> _Data for processing_:
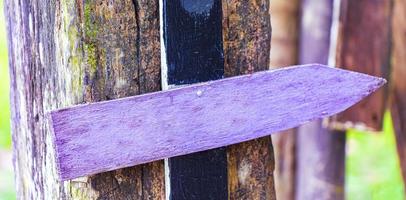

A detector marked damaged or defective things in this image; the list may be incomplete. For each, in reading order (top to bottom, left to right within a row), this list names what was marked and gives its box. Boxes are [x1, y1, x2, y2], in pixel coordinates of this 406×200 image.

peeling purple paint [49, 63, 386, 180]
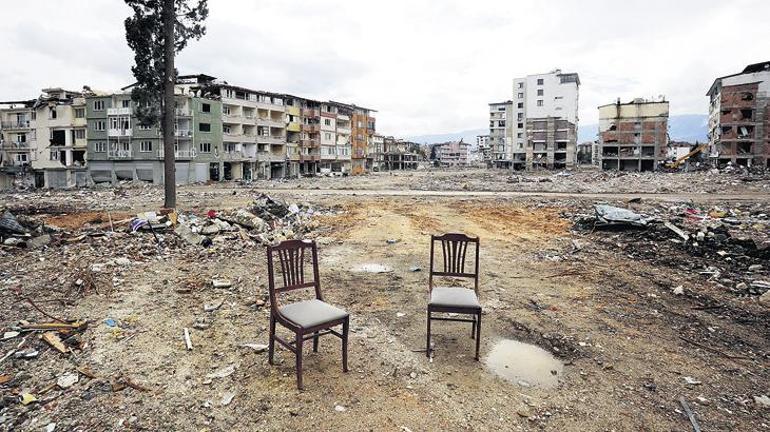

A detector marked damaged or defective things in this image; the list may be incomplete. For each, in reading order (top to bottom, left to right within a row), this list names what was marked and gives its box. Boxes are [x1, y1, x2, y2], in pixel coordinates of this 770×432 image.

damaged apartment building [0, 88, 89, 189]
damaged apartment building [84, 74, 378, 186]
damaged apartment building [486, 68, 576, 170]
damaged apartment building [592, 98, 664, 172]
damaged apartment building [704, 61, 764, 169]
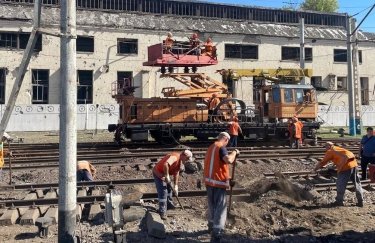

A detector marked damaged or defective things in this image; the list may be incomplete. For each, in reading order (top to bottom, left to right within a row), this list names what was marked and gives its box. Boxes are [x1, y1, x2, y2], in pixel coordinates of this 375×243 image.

* * *

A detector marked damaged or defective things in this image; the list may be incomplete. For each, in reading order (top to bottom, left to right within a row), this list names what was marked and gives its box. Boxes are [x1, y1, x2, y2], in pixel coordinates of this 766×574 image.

> _Your instructions_:
Within the entries above, the lines from the one containing "this 406×200 image." through the one containing "this 375×243 image." are to be transcribed exactly, ends included, pictures excluded.

> _Result for this task_:
A detector marked damaged or defective things in this image; the list may be incomplete. For each, in reading order (top to bottom, left to right within a row), this list names what was marked and gives its box. Boxes are [x1, y1, x2, y2], in pixel coordinates of this 406×200 image.

peeling purple paint [49, 63, 386, 180]

A detector marked damaged or defective things in this image; the list may be incomplete. For each, in reading order (top to bottom, left to right within a row), this list names what was marked and gives its box. Boxes are [x1, y1, x2, y2], in pixel coordinates of this 770×432 image.

damaged apartment building [0, 88, 89, 189]
damaged apartment building [84, 74, 378, 186]
damaged apartment building [486, 68, 576, 170]
damaged apartment building [592, 98, 664, 172]
damaged apartment building [704, 61, 764, 169]

A detector marked damaged or defective things in this image; the list may be incomplete. For each, in reading order (top to bottom, left to right within a row), this list names what was marked and gives its box. Boxes are [x1, y1, x2, y2], in pixel coordinates of this 375×243 image.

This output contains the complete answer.